**Task brief:** In the entries below, find the line with "Bureau de machine" and print exactly every line from there up to and including the line with "A car frame being worked on by a machine.", with no other lines.

**Exercise input:**
----
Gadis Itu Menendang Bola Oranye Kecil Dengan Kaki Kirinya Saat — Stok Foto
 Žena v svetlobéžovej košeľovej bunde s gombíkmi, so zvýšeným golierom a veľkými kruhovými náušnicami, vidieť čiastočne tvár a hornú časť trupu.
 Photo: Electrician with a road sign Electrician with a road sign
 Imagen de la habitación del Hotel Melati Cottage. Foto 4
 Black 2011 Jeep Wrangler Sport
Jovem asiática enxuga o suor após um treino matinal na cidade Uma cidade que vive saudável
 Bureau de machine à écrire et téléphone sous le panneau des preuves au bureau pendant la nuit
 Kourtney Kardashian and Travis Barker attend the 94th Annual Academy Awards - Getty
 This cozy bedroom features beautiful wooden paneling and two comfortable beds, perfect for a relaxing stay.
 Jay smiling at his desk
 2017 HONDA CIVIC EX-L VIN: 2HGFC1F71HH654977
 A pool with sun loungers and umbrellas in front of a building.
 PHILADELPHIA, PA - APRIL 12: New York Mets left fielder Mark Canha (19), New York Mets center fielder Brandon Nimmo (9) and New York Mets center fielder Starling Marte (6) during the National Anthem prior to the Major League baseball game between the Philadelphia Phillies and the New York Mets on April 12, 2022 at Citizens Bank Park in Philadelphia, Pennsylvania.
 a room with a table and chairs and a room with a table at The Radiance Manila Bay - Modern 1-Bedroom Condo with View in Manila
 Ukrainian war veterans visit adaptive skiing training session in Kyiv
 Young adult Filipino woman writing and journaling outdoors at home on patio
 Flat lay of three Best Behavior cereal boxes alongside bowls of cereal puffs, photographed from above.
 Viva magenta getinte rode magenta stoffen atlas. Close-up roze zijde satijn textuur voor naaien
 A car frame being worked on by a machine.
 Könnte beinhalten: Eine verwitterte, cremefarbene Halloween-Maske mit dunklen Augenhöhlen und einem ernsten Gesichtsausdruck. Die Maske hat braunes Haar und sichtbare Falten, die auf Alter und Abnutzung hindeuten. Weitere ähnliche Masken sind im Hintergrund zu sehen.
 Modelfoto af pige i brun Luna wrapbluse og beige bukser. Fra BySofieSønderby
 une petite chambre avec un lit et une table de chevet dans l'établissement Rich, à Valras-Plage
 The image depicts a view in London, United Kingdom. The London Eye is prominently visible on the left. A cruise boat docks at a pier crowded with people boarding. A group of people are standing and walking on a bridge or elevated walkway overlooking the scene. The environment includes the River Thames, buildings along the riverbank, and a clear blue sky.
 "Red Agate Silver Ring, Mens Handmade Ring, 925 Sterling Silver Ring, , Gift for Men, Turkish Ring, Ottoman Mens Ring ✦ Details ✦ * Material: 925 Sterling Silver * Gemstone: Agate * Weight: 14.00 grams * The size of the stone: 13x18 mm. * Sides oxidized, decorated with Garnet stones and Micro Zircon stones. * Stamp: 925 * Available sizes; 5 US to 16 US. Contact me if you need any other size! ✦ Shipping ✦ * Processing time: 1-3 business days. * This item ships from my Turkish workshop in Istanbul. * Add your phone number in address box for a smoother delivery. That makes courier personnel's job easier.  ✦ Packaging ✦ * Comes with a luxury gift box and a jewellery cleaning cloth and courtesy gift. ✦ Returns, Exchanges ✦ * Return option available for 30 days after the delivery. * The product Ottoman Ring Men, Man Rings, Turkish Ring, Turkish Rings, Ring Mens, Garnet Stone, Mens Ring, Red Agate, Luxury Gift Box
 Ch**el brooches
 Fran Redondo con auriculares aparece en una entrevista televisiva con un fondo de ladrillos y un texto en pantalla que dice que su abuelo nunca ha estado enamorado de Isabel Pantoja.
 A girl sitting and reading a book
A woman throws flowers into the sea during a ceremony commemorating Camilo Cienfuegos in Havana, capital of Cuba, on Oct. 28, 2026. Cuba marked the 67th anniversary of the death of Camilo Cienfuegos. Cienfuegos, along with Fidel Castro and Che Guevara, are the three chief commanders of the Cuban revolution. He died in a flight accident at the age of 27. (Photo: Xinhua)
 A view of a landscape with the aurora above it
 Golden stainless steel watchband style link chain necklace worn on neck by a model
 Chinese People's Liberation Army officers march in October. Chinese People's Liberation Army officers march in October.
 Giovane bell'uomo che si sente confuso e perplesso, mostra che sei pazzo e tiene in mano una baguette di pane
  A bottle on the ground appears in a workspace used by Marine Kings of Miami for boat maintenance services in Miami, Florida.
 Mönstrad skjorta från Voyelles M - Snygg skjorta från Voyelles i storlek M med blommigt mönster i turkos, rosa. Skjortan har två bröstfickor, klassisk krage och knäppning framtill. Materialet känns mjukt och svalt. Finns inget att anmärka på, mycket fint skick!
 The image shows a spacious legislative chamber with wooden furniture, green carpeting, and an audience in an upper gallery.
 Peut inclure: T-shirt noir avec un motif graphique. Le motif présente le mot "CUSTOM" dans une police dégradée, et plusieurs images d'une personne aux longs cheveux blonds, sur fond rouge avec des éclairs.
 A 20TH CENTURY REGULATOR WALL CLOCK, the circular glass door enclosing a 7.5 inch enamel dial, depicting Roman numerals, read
----
**Output below:**
 Bureau de machine à écrire et téléphone sous le panneau des preuves au bureau pendant la nuit
 Kourtney Kardashian and Travis Barker attend the 94th Annual Academy Awards - Getty
 This cozy bedroom features beautiful wooden paneling and two comfortable beds, perfect for a relaxing stay.
 Jay smiling at his desk
 2017 HONDA CIVIC EX-L VIN: 2HGFC1F71HH654977
 A pool with sun loungers and umbrellas in front of a building.
 PHILADELPHIA, PA - APRIL 12: New York Mets left fielder Mark Canha (19), New York Mets center fielder Brandon Nimmo (9) and New York Mets center fielder Starling Marte (6) during the National Anthem prior to the Major League baseball game between the Philadelphia Phillies and the New York Mets on April 12, 2022 at Citizens Bank Park in Philadelphia, Pennsylvania.
 a room with a table and chairs and a room with a table at The Radiance Manila Bay - Modern 1-Bedroom Condo with View in Manila
 Ukrainian war veterans visit adaptive skiing training session in Kyiv
 Young adult Filipino woman writing and journaling outdoors at home on patio
 Flat lay of three Best Behavior cereal boxes alongside bowls of cereal puffs, photographed from above.
 Viva magenta getinte rode magenta stoffen atlas. Close-up roze zijde satijn textuur voor naaien
 A car frame being worked on by a machine.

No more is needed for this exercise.